Этот респектабельный, подтянутый господин в неизменном твиде, с щеточкой коротко подстриженных усов очень походил на английского джентльмена из той породы, что канула в Лету вместе с распадом британской империи. Сходство усугублялось тем, что при первой встрече Владимир Иванович легко перешел с Фандориным на английский, на котором изъяснялся почти без акцента, разве что несколько злоупотреблял американизмами. Потом, правда, беседовали на русском, но время от времени экс-полковник вставлял какой-нибудь иноязычный оборот позаковыристей.
Разместили Николаса в доме неподалеку от Киевского вокзала, где жило много иностранцев и где не вполне туземный вид магистра меньше бросался в глаза. В двух небольших комнатах (кабинет и спальня) имелось всё необходимое для работы и отдыха. Еду постояльцу привозили из ресторана, а когда Фандорину нужно было выйти в город, он находился под постоянным прикрытием неприметных молодых людей в строгих костюмах: двое вышагивали чуть сзади, а вдоль обочины не спеша катил дежурный автомобиль непременно какой-нибудь огромный вездеход с затененными стеклами.
Владимир Иванович заезжал каждое утро, ровно в девять, и еще непременно звонил вечером спрашивал, нет ли новых поручений. С теми, которые получал, справлялся быстро и чётко. Лишних вопросов не задавал, в суть поисков, которыми занимался Николас, не вникал. Если все офицеры Комитета госбезопасности были столь же эффективны, думал иногда Фандорин, просто удивительно, что советская империя так легко развалилась. Очевидно, полковник Сергеев всё же принадлежал к числу лучших.
Один раз Николас побывал в офисе банка, в Среднем Гнездниковском переулке, выпил кофе (без коньяку) в превосходном кабинете Иосифа Гурамовича. Банкир пытался выведать, движется ли «дело», но Фандорин отвечал уклончиво, а от приглашения на ужин отказался, сославшись на крайнюю загруженность работой. «Понимаю, понимаю, – опечаленно вздохнул Габуния. – Даете понять, что у нас чисто деловые отношения. Ладно, больше тревожить не буду. Работайте».
Рабочий день историка начинался так.
В половине восьмого подъем. Зарядка, контрастный душ, стакан грейпфрутового сока.
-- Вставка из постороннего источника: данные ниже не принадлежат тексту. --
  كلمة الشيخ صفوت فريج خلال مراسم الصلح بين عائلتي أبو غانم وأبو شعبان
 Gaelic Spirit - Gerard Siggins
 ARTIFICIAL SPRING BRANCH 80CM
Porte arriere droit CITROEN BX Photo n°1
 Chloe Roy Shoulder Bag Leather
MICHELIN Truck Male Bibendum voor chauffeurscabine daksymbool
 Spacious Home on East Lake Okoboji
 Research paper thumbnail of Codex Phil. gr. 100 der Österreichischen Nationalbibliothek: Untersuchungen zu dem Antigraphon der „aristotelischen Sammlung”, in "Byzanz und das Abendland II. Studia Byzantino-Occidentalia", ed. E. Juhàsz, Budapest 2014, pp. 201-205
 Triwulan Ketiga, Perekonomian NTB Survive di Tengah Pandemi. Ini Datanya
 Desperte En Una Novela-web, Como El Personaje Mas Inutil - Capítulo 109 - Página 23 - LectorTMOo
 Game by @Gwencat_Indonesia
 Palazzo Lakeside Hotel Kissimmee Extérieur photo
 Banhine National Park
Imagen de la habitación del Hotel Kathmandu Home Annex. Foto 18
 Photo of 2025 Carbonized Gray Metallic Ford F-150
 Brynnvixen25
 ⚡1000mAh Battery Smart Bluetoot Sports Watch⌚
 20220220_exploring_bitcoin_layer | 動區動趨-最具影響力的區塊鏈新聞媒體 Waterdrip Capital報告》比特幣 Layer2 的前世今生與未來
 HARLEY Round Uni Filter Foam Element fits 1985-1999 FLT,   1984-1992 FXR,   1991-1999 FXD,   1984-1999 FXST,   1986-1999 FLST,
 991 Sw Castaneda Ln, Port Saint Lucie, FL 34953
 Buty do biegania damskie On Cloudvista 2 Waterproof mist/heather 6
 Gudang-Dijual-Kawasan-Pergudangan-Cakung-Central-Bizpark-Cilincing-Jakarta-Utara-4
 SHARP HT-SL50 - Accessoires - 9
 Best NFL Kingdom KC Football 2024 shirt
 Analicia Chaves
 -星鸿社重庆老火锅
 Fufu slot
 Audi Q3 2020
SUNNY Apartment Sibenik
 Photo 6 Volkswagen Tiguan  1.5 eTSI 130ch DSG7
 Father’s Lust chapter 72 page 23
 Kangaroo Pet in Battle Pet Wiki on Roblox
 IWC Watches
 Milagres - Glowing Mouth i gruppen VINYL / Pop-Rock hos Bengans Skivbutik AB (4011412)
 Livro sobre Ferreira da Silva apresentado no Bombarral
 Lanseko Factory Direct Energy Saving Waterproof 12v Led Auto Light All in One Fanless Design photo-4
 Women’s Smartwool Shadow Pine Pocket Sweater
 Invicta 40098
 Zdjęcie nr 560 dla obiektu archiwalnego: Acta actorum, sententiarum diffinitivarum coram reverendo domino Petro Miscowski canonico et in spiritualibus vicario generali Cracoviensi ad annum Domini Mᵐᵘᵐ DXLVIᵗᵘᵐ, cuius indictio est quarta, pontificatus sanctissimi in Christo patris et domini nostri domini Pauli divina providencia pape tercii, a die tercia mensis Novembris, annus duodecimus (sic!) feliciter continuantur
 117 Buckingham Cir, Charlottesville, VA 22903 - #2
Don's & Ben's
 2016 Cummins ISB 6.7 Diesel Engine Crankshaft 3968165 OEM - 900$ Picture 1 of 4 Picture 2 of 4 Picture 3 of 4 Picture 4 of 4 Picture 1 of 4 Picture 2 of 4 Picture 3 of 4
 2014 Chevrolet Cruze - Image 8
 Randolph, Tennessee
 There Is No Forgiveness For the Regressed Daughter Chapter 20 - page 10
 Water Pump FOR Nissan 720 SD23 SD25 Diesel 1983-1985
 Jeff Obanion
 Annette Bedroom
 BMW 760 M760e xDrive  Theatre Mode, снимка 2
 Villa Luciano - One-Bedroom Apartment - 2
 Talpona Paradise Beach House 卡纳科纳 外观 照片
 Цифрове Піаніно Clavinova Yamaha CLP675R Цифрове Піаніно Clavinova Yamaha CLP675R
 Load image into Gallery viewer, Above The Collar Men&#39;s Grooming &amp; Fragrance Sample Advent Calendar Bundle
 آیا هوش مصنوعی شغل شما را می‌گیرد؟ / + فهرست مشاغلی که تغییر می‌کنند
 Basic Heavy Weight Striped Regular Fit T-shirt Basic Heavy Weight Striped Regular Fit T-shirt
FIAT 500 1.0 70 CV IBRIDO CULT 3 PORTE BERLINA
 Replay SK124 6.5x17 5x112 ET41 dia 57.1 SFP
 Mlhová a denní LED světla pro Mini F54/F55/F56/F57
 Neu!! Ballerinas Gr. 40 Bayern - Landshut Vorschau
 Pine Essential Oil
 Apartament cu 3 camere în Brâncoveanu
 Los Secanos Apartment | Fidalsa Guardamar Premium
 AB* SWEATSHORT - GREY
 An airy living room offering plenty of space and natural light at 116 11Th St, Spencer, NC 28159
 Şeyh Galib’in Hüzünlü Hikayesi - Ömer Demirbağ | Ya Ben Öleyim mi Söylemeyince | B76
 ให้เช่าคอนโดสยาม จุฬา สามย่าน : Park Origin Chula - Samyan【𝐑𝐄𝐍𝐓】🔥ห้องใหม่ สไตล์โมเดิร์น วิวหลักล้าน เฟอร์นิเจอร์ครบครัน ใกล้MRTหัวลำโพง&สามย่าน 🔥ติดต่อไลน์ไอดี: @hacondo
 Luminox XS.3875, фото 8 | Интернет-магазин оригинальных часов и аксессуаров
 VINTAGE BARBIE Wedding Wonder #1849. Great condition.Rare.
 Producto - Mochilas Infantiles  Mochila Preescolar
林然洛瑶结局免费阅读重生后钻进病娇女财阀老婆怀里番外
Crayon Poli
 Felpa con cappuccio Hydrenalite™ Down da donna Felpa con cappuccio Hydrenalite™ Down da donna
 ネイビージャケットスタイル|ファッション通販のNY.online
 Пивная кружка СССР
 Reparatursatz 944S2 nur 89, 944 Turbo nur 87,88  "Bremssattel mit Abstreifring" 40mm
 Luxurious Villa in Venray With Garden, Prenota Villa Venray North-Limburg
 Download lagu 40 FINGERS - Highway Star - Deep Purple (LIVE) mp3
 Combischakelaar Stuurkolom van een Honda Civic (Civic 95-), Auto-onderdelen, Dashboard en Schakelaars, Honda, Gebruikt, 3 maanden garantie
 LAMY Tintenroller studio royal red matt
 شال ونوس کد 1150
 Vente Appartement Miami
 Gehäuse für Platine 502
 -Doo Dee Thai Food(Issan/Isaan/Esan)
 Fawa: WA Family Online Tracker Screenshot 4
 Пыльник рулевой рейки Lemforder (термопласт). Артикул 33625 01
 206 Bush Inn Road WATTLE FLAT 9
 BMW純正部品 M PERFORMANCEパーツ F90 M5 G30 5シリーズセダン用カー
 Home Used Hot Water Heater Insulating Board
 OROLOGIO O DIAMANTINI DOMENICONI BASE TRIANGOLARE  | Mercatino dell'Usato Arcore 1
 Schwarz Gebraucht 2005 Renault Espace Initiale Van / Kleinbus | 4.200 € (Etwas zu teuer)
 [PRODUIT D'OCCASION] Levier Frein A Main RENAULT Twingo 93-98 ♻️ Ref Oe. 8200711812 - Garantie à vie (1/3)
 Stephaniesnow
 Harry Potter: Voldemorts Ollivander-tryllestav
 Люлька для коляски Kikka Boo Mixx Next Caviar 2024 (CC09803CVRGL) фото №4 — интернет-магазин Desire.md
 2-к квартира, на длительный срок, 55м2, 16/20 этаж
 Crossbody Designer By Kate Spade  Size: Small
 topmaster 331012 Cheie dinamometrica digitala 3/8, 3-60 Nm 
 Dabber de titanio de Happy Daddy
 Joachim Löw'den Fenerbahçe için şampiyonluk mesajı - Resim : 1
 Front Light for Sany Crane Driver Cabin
С алкогольными напитками после позорной ночи в клубе «Педигри» было раз и навсегда покончено. При одном воспоминании о том безобразии и последовавшем за ним тягостном похмелье Николас болезненно морщился. В баре стояла целая батарея бутылок; в том числе и приснопамятный двадцатилетний коньяк, но ко всей этой отраве магистр не притрагивался.
В восемь двадцать – пробежка по Украинскому бульвару (в сопровождении неизменного черного джипа). В девять – визит Сергеева. Полковник привозил очередную порцию книг, спрашивал о предполагаемом распорядке дня, в течение десяти минут вел светский разговор о политике (по убеждениям он был патриот и непреклонный государственник) и удалялся, после чего Николасу доставляли завтрак.